新型タントは助手席イージークローザーやタッチ&ゴーロック機能、ウエルカムオープン機能、駐車支援システムなど、軽自動車初の装備が設定されている点にも注目したい

 タントは先代型の欠点とされた後席の座り心地、走行安定性、操舵感、自然吸気エンジンのパワー不足などを解消した。それでもN-BOXに比べると、タントの明確な優位性は、左側のドアを前後ともに開いた時のワイドな開口幅だ。

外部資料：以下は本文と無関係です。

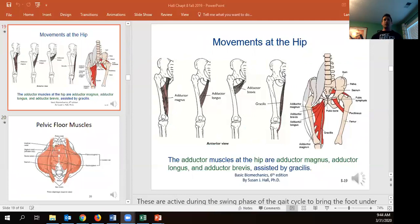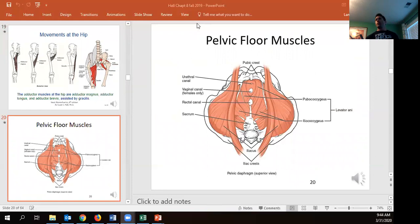Adduction — pulling the legs together — is done by a number of adductors. The adductor magnus, longus, and brevis do the greatest amount of work. The gracilis also contributes but is a very small, thin muscle in comparison. Looking at this picture, we can also see the tensor fasciae latae and the pectineus, which helps with rotation at the hip. The next component we're going to talk about is the pelvic floor muscles.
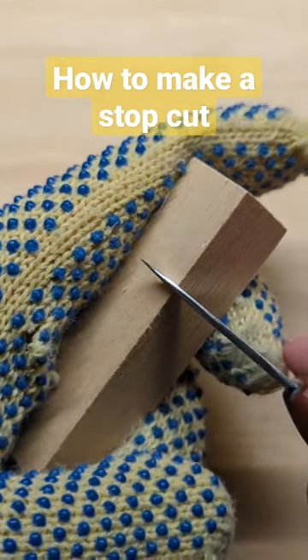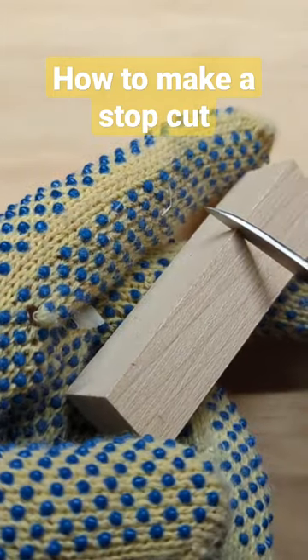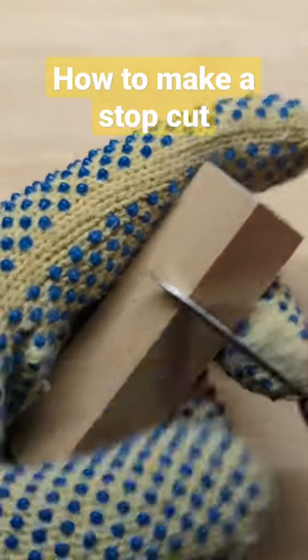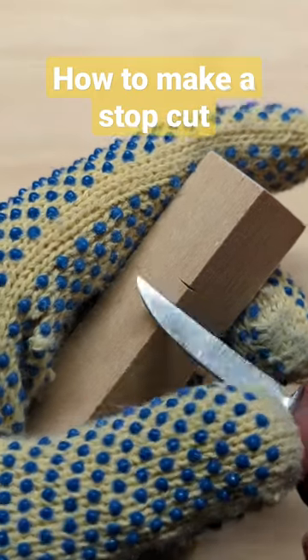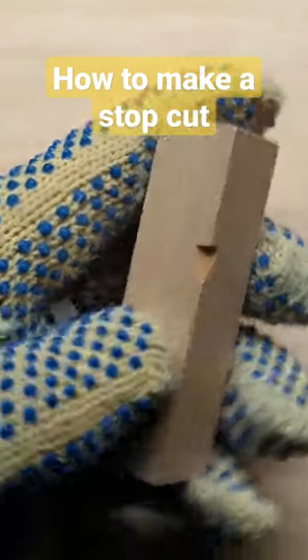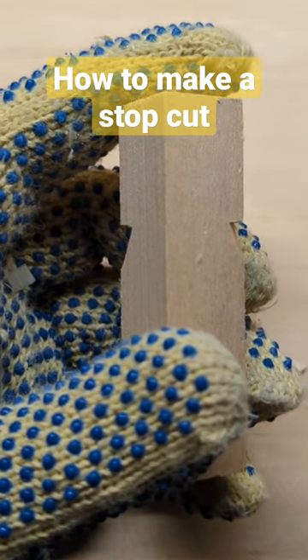To make a stop cut, I'm going to put the knife directly into the wood like that. I'm going to push it in with my thumb, and that creates a stopping point for my other cuts. That's why it's called a stop cut. So if I carve up to it, it'll pop out — and that's a stop cut.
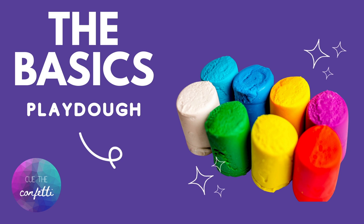Hi guys and welcome back to Cue the Confetti. This is a new series we're going to be doing called The Basics and we can't wait to get started with you, so come along. We're doing a series called The Basics and that's for the grown-ups out there who've decided to go ahead and keep their preschooler home this year.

 そこで新型タントは前席のスライド機能を向上させ、子供をチャイルドシートに座らせやすく、車内の移動も容易にした。電動スライドドアの機能も向上させており、子育て世代を中心に、実用性を重視するユーザーに適する。

 一方、N-BOXは、動力性能やシートの座り心地を含めて、機能を総合的に高めた。内外装のデザインから運転感覚まで落ち着いているから、価値観が小型車に近い。子育て世代から大人4名の乗車まで、幅広い使い方に適する。

 さて、8項目にわたって比較してきたが、総合結果はどうなったのか? 1/デザイン&視界&取り回しはタントの勝ち、以下、2/内装の質感と居住性はN-BOX、3/乗降性はタント、4/荷室の使い勝手はN-BOX、5/動力性能はN-BOX、6/走行安定性はタント、7/安全装備と運転支援機能はN-BOX、8/価格の割安感は両車引き分け。

 集計すると、惜しくも僅差(1勝差)で新型タントの3勝4敗1分け! という結果になった。両車それぞれいいところ、よくないところがあるので、ユーザー自身の好み、家族構成、使い方によってどちらのクルマを選ぶか、決めていただきたい。